Social Media Use Among Teens Is Rising
Tech use by kids has both benefits and costs to their development.
Posted Sep 10, 2018
Back in 2012, Common Sense Media, the leading independent nonprofit organization dedicated to helping kids thrive in a world of media and technology, published a groundbreaking survey examining the use of technology and social media among young people ages 13 to 17. The results were shocking in terms of how much children were immersed in technology six years ago.
CSM just published the results of their 2018 follow-up survey and, not surprisingly, the presence and impact (both positive and negative) has increased. The teens surveyed in this new survey are the first to have been raised from birth with the Internet, smartphones, and social media.
Every parent, educator, and young person should read the results of the survey and ask tough questions about their relationship to technology and social media. Further, they should look at how tech and social media both help and hurt psychologically and emotionally, socially, and academically.
As I’ve noted in a recent blog post (hopefully, more Paul Revere than Chicken Little), I believe that the costs of excessive use of tech and social media hurt children (and adults) immensely. The problem is that the harm is insidious, unlike, say, the opioid epidemic, so people are slow to notice. It's like the metaphor of the frog that is placed in a pot of water that is gradually heated to boiling. It doesn’t notice that it’s getting cooked until it’s too late.

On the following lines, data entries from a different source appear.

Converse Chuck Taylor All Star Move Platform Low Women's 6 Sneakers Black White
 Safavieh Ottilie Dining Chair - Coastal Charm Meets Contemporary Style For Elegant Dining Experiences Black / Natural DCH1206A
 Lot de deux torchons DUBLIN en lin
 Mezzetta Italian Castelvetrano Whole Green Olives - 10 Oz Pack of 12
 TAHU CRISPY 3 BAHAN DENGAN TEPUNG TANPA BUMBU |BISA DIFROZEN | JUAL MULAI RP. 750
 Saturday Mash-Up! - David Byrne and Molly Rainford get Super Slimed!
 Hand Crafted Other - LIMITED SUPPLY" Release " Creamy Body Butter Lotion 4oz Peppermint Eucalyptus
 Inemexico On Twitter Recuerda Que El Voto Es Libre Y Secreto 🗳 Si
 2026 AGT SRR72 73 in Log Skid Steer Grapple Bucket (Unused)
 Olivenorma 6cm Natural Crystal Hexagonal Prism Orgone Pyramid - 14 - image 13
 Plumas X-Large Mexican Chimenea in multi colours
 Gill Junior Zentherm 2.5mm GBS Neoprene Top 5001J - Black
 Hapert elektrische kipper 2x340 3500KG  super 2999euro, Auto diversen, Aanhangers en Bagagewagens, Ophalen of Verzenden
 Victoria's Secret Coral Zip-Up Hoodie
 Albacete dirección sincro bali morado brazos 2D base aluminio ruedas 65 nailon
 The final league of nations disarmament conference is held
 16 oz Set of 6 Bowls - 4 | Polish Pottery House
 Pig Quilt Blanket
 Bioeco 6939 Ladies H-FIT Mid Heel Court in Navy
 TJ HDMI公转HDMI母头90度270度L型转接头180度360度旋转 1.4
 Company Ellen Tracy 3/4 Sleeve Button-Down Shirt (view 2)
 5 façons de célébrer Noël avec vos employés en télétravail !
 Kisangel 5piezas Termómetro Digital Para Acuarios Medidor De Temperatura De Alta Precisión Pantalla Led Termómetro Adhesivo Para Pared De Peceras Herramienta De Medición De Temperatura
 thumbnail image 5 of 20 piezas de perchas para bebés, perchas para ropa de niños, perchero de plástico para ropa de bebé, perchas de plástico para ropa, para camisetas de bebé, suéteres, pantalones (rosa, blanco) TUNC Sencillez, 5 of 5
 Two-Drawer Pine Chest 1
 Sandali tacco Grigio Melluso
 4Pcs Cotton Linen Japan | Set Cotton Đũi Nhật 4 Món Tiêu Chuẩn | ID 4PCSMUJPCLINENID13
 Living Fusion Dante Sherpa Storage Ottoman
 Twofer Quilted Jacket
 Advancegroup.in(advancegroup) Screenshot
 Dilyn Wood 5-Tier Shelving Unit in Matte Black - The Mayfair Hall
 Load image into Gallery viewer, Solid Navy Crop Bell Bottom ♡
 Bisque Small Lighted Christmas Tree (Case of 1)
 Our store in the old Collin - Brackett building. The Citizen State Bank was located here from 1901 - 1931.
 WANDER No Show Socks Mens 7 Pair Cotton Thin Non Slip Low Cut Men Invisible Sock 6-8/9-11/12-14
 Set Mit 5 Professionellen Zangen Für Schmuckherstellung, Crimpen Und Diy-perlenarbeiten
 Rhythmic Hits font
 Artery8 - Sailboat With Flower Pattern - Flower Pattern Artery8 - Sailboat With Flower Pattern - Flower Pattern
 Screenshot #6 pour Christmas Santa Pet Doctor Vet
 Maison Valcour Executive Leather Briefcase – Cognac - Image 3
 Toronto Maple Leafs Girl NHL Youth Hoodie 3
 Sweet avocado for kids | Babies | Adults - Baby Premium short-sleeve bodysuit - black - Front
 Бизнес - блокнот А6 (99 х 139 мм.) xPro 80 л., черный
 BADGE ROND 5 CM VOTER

I’m not saying that tech and social media are evil and should be vanquished from the earth. To the contrary, I believe they can be powerful and positive tools for connection, learning, and growth. Unfortunately, as some of the results of the CSM survey indicate, overuse and misuse of tech and social media will hurt children and adults personally and socially. And, as we have seen in the last few years, it can do significant harm to our culture as well.